* How to complete this task
With the pictures left aside, write out exactly the lines of the listing below from the line with "You could change" to the line with "Hello, hello, hello.", both included, and only those.

* Information provided
════════════════

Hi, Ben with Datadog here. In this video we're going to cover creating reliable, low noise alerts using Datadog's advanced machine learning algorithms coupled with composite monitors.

════════════════

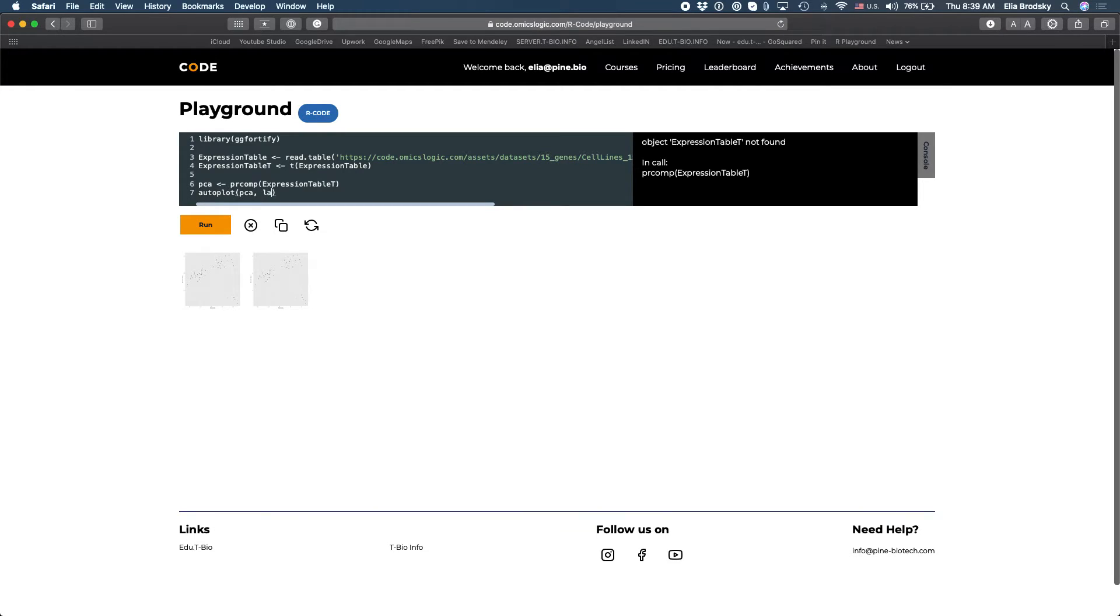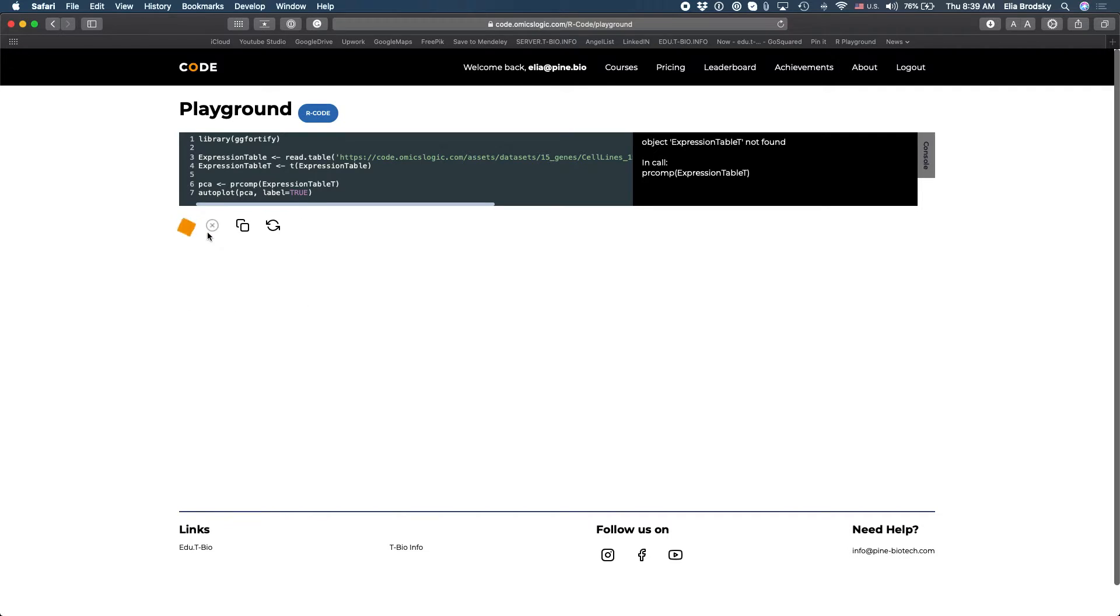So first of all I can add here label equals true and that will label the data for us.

════════════════

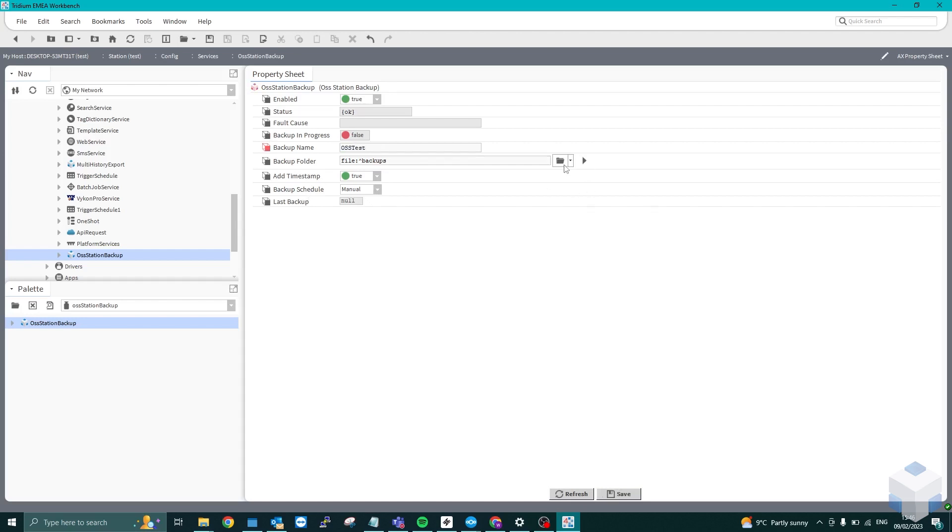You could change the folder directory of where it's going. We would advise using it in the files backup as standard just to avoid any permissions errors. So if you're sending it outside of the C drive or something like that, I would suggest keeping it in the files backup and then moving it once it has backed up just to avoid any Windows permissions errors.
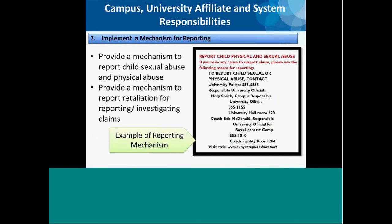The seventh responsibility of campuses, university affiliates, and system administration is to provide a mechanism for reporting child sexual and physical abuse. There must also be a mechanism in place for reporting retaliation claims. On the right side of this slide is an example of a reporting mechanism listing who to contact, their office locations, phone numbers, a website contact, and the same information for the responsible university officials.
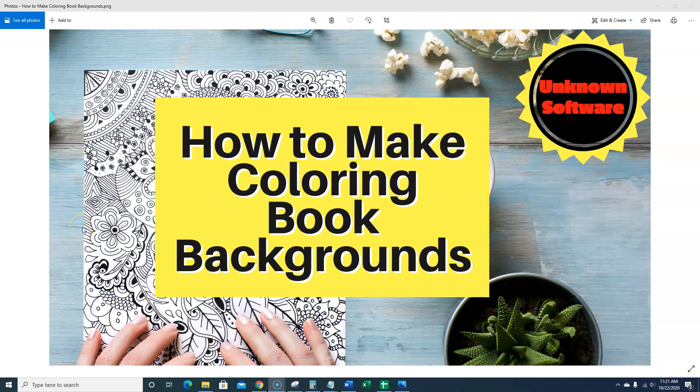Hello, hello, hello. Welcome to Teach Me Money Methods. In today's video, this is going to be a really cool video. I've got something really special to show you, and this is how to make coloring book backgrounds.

════════════════

* Task answer
You could change the folder directory of where it's going. We would advise using it in the files backup as standard just to avoid any permissions errors. So if you're sending it outside of the C drive or something like that, I would suggest keeping it in the files backup and then moving it once it has backed up just to avoid any Windows permissions errors.
The seventh responsibility of campuses, university affiliates, and system administration is to provide a mechanism for reporting child sexual and physical abuse. There must also be a mechanism in place for reporting retaliation claims. On the right side of this slide is an example of a reporting mechanism listing who to contact, their office locations, phone numbers, a website contact, and the same information for the responsible university officials.
Hello, hello, hello. Welcome to Teach Me Money Methods. In today's video, this is going to be a really cool video. I've got something really special to show you, and this is how to make coloring book backgrounds.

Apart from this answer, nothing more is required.